Comment 7 ps905 2020-12-28 07:01:19 GMT
>all the code written takes 2 parameters:
>a) width
>b) partition points

>take a look at the eq code as an example.

>if an instance of the eq class is declared as 32 bit the partition points can >be:

>8 8 8 8
>16 8 8
>8 16 8
>8 8 16
>16 16
>8 24
>24 8
>32

>because the partition settings will be

>0 0 0
>1 0 0
>0 1 0
>0 0 1
>etc etc.

>the code does NOT take a parameter "partition equals 64 bit, partition equals >2x32 bit, partition equals 4x15"

>the code takes a parameter indicating the OPENING GATE POINTs... *between* the >8 bit sub-sections

>look at the code and the notes that went with it.
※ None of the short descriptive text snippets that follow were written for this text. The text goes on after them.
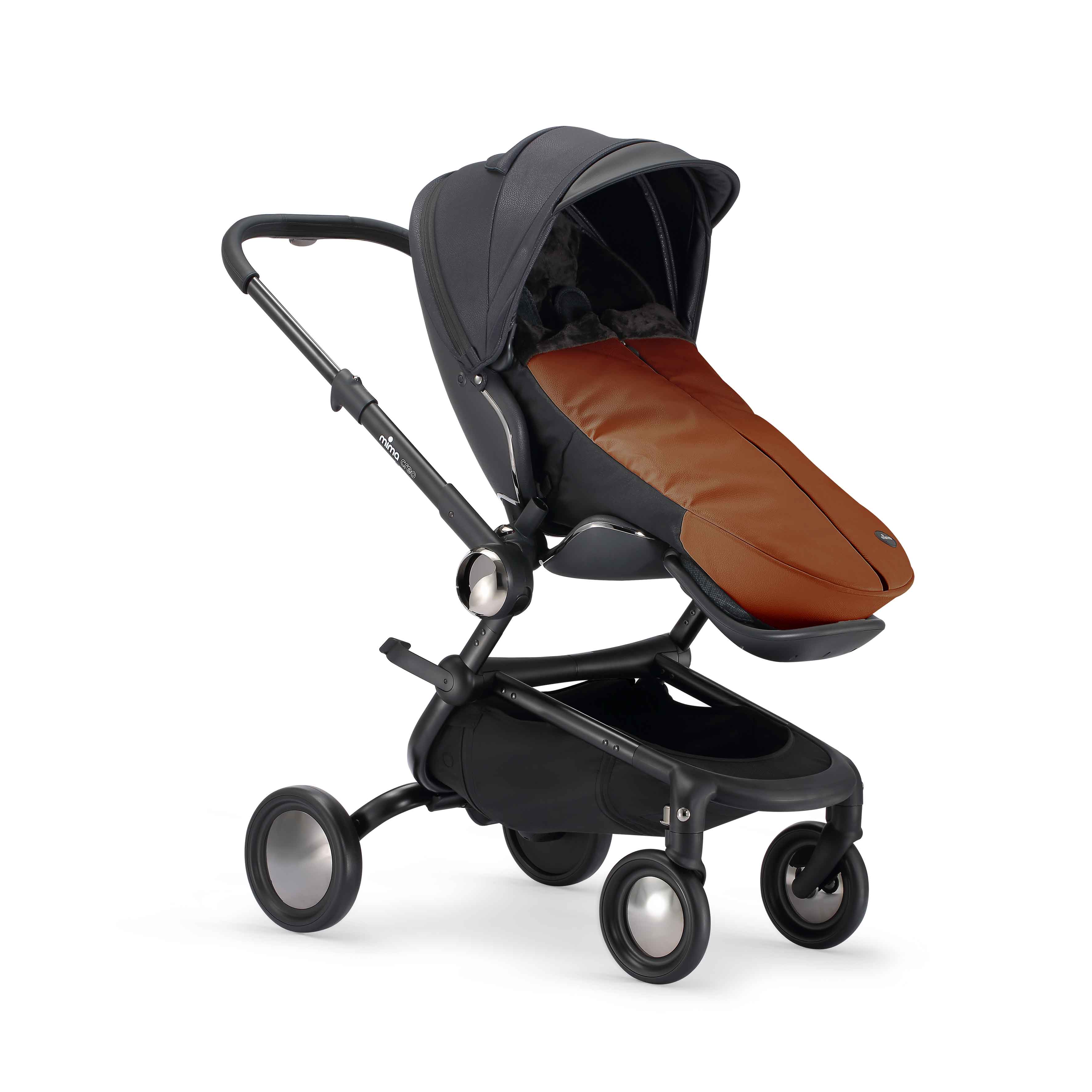 angled view of mima creo stroller featuring winter footmuff in camel
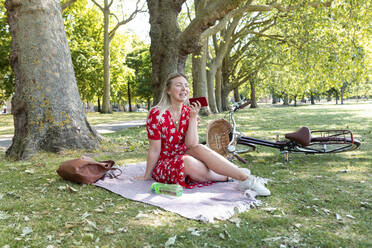 Happy woman holding smart phone while sitting on blanket at public park - WPEF03035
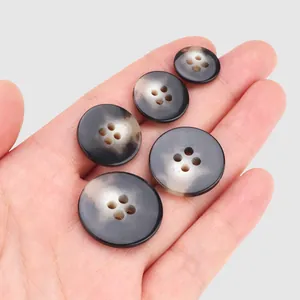 Premium marbled urea buttons in five different sizes for high-end workwear and coats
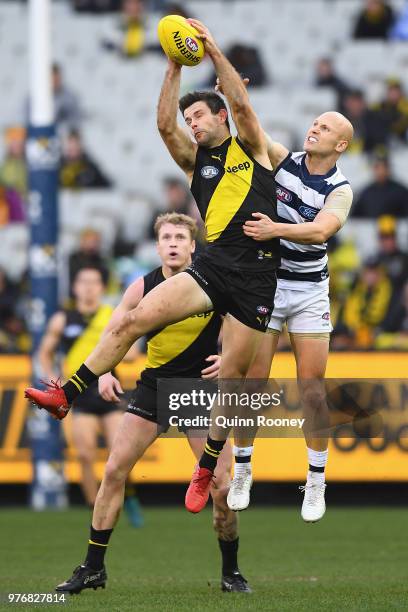 Trent Cotchin of the Tigers marks infront of Gary Ablett of the Cats during the round 13 AFL match between the Geelong Cats and the Richmond Tigers...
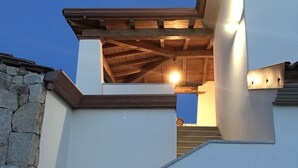 A modern building with a stone wall on the left and a white facade with a wooden roof structure. - Residenza Limpiddu with Swimming Pool and Panoramic View - Recent, All Amenities (08020 Budoni)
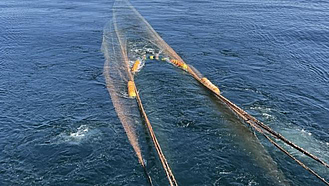 Ein Schleppnetz hinter einem Fischereischiff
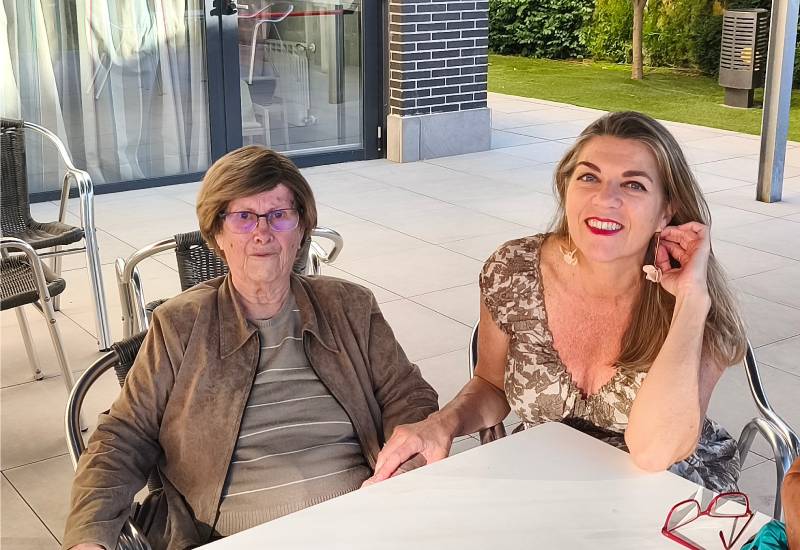 Una volunt&agrave;ria de CaixaBank, la Luc&iacute;a, al costat de la Lourdes, una persona gran que va con&egrave;ixer a trav&eacute;s del voluntariat corporatiu, posen davant d'una taula per a una foto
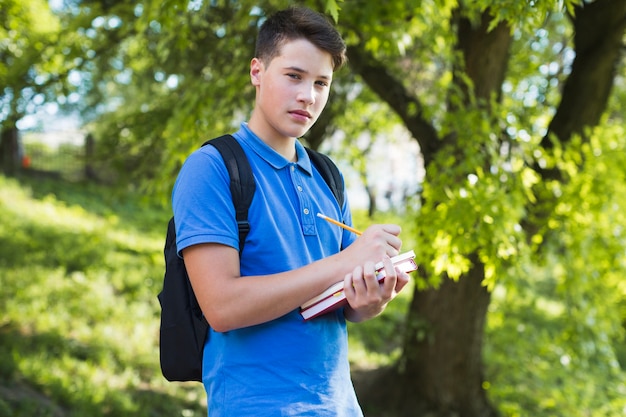 Muchacho adolescente de la escritura que mira la cámara atentamente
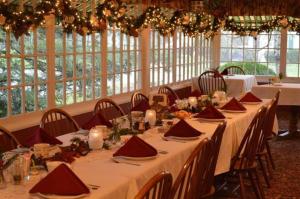a room with long tables with red napkins and candles at Red Rocker Inn in Black Mountain +153 photos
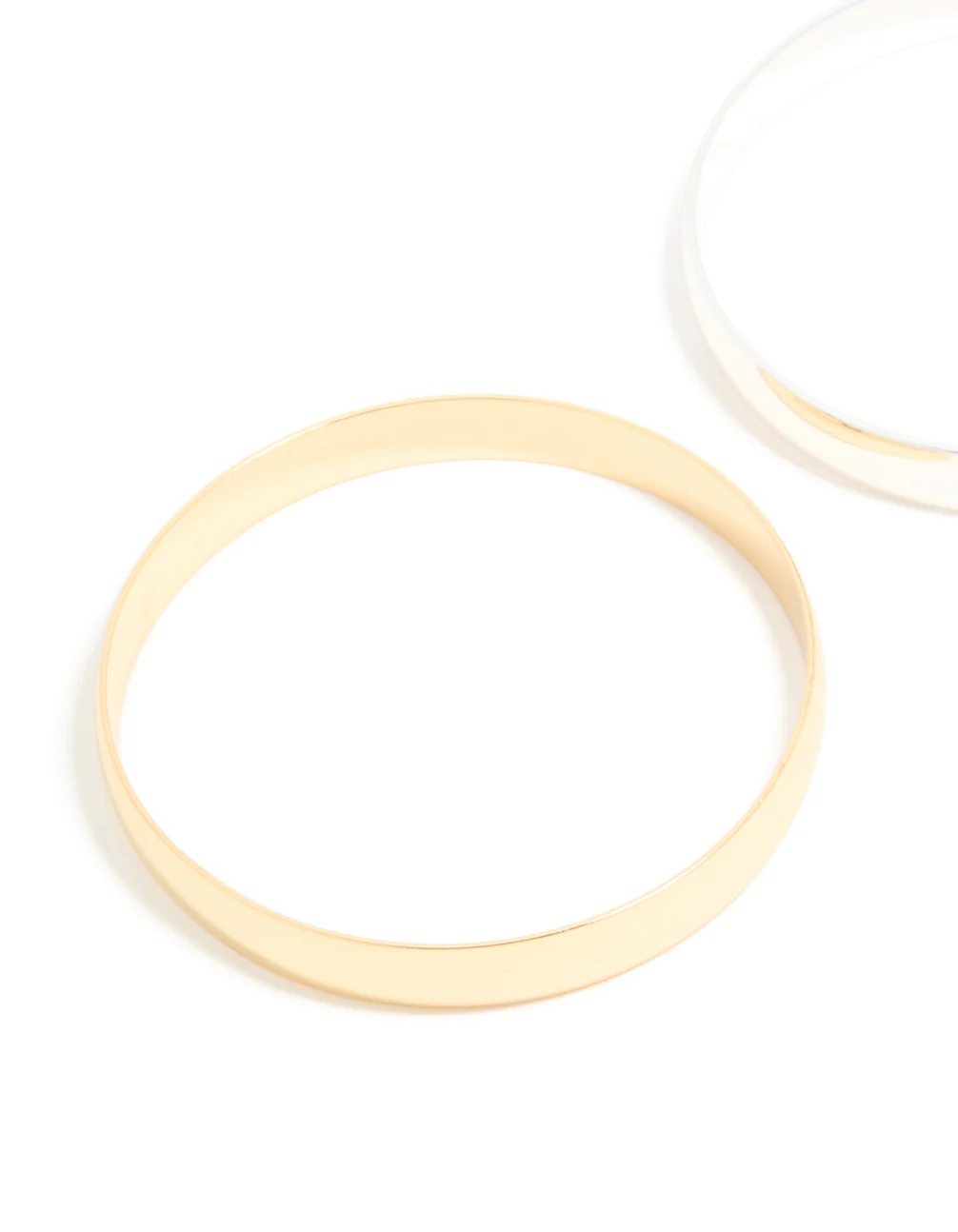 1015-mixed-metal-thick-classic-bangles-2-pack-2.webp Mixed Metal Thick Classic Bangles 2-Pack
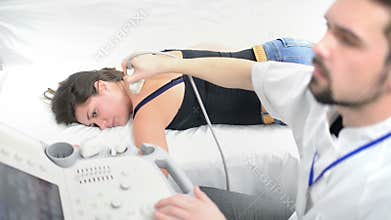 Woman Being Checked at Ultrasound Device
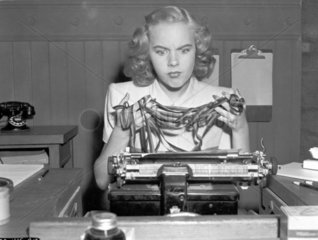 Frau verzweifelt an der Schreibmaschine
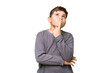 © luismolinero - Little caucasian kid over isolated chroma key background having doubts while looking up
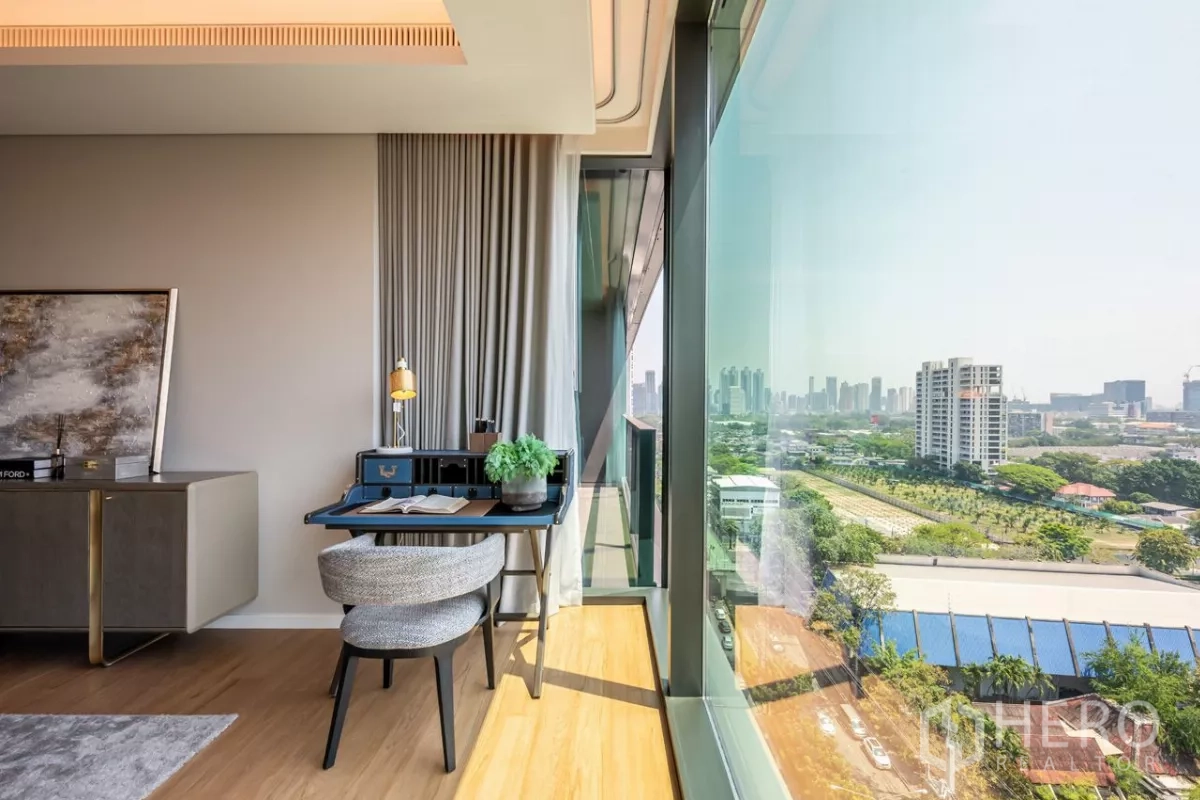 公寓 出租或出售在Pathum Wan, Bangkok - 落地窗旁的书桌角，远眺城市天际线。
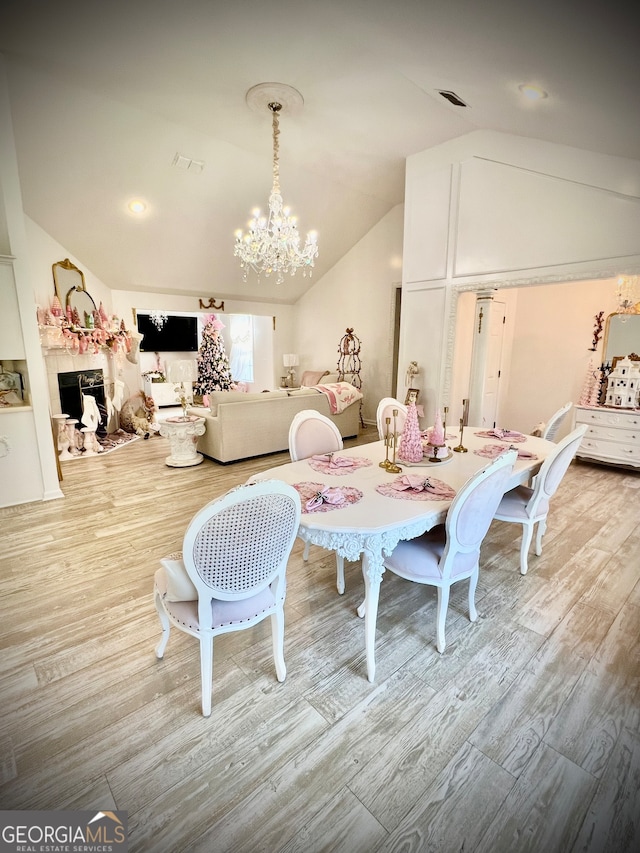 dining area featuring a chandelier, light hardwood / wood-style flooring, and vaulted ceiling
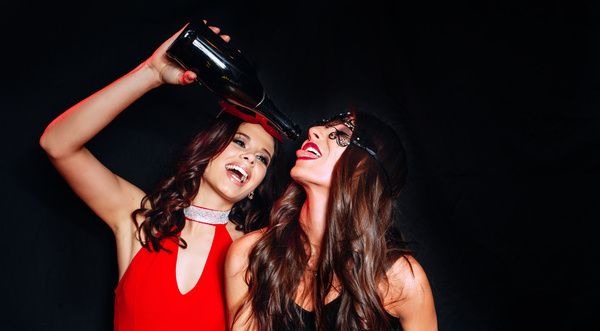 Two lovely ladies are wearing red and black dresses and having fun in a private room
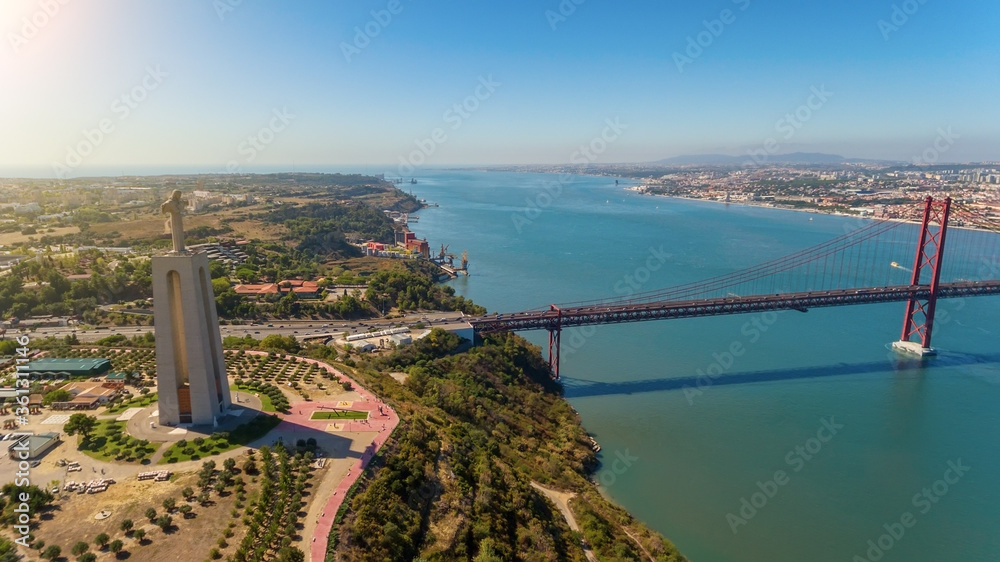 Aerial bridge on April 25th, across the Tejo River, statue of Jesus Christ Lisbon, Portugal. Close-up.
got a better hold of it, thanks

>pranav this one is dead easy.

>  def any(self):
>     width = self.sig.shape()[0]
>     return self.__eq__(Const(-1, width))

or probably just:

>  def any(self):
>     return self == Const(-1)
 
>would you like to try writing the (two lines!) some() case?

sure will do this
Comment 8 Luke Kenneth Casson Leighton 2020-12-28 13:38:35 GMT
(In reply to ps905 from comment #7)

> >  def any(self):
> >     return self == Const(-1)
>  
> >would you like to try writing the (two lines!) some() case?
> 
> sure will do this

cool.  i just committed this:

commit cc37b3eed710bc3d8877b6170dcb0d6da183eea2 (HEAD -> master)
Author: Luke Kenneth Casson Leighton <lkcl@lkcl.net>
Date:   Mon Dec 28 13:34:49 2020 +0000

    partsig: redirect bool to any for now, and use a == Const(-1) for any

so if you can do the same, ahh sorry, that one was for "all()" not "any()"
(doh)

if you can do any() using the != and, just like i did, make sure to add a
comment in both the code and in the commit message (do not exceed 80 char
line lengths in either case)

just commit it: don't worry about writing unit tests (etc) yet, thsis code is unused at the moment so there is no "damage" that you can do.  this will get you familiar with the "commit" process.  i'll do a review after.
Comment 9 Luke Kenneth Casson Leighton 2021-01-09 12:44:15 GMT
note in bug #575 about RippleLSB to be used as post-processing, to make the result 0b111111/0b0000 not 0b00001/0b00000
Comment 10 Luke Kenneth Casson Leighton 2021-01-16 01:55:22 GMT
https://git.libre-soc.org/?p=ieee754fpu.git;a=blob;f=src/ieee754/part_cmp/experiments/eq_combiner.py;h=f3d299f780618a732debb32faa62221f20240068;hb=4a5f5fedddb68de9704cfb9c9991d93d32af8e47

xor can, i believe be constructed by simply copying (better, adding a parameter to augment) EqCombiner so that, at line 50, it does an XOR rather than an OR

and a copy of this:

https://git.libre-soc.org/?p=ieee754fpu.git;a=blob;f=src/ieee754/part_cmp/experiments/equal_ortree.py;h=470fb603f48c31c84a13e2cf4e240ea7acd2f590;hb=4a5f5fedddb68de9704cfb9c9991d93d32af8e47

augmented to firstly only have one argument and secondly to produce, at lihe 49, a list of partial XORs

     ...append(self.a[start:end].xor())

and i believe it's done.
Comment 11 Luke Kenneth Casson Leighton 2021-01-16 18:40:37 GMT
index 53561d4..ed221d3 100644
--- a/src/ieee754/part/partsig.py
+++ b/src/ieee754/part/partsig.py
@@ -281,6 +281,7 @@ class PartitionedSignal:
         Value, out
             ``1`` if any bits are set, ``0`` otherwise.
         """
+        return self != Const(0) # leverage the __ne__ operator here

pranav, you see how the any() operator was as simple as comparing "not equal
to zero"?
Comment 12 Luke Kenneth Casson Leighton 2021-01-16 18:51:58 GMT
done, not tested, have to see how it goes

commit c6583a6ae212dd6f28453451a43effdb053ed493 (HEAD -> master)
Author: Luke Kenneth Casson Leighton <lkcl@lkcl.net>
Date:   Sat Jan 16 18:45:10 2021 +0000

    convert EQCombiner to general-purpose, create XORCombiner

commit 8a652f6dc19cb9951ddd763881af11f328c01fc6 (HEAD -> master)
Author: Luke Kenneth Casson Leighton <lkcl@lkcl.net>
Date:   Sat Jan 16 18:51:34 2021 +0000

    add first cut (untested) of PartitionedXOR
Comment 13 Luke Kenneth Casson Leighton 2021-01-16 23:01:57 GMT
fixed and formally verified XOR by Cesar.
initial guess needed RippleMSBDown and inversion of output.